Саня уставился на Меркурьева. Глаза у него были воспалённые, больные.
— Чего сказал, чего сказал… Ничего не сказал! Разрешения у меня не спрашивал! Мы последний пузырь раздавили, и я спать лёг.
— Где?
— Чего — где?
— Где ты спать лёг? — повторил Меркурьев терпеливо. — Под столом?
— Чего под столом-то, не ложился я под стол! Я в комнату к себе пошёл, мне бабка здешняя ещё с вечера её показала. Самая лучшая, говорит, комната для вас, Александр Фёдорович, приготовлена!
— На втором этаже?
— Чего это на втором-то, на третьем!..
— И ты на третий этаж сам зашёл?
— Чего это я не зайду, я ж не маленький!
— Да ты не маленький, но пили вы весь вечер.
— Чего мы там пили, по два пузыря на рыло, и третий на посошок!
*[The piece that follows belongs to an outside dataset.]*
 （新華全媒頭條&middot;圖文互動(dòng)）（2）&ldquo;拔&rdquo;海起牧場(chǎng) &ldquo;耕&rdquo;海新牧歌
Василий Васильевич, которого вновь затошнило, подышал открытым ртом.
— Ты поднялся в свою комнату и лёг. А друг твой?
— А друг мой Ванюшка к маяку, видать, пошёл! Упал и разбился. И нет у меня больше друга. И никого нету.
— Так не бывает, — возразил Василий Васильевич. — Зачем он туда пошёл? С чего вдруг? Его комната где?
— Там, где моя! Они напротив друг дружки. Моя окнами на море, а его окнами в лес, и вся рекогносцировка.
— Он не пошёл к себе, а пошёл на улицу. Ты дверь за ним запер?
Саня моргнул.
Солнце вдруг вышло из-за низких молочных туч, полоснуло вдоль моря светящимся лучом, упало на сидящих.
— Ой, ё-моё, — застонал Саня и закрыл лицо руками. — Ой, не могу я, плохо мне.
Он немного посидел, раскачиваясь из стороны в сторону, потом полез в карман штанов, выудил тёмные очки и напялил.
— Глаза не глядят, — пожаловался он Меркурьеву. — Прям режет, как ножом. И в голове верчение. Я в десантуре служил, там нас на такой центрифуге крутили для тренировки. Как слезешь, вроде по земле идёшь, а будто в воздухе крутишься.
— Да, — глубокомысленно согласился Василий Васильевич.
— Плохо мне, дядя, — продолжил ныть Саня. — Ванюшку жалко. Один я остался.
— Ты дверь запирал за ним? Когда он на улицу пошёл?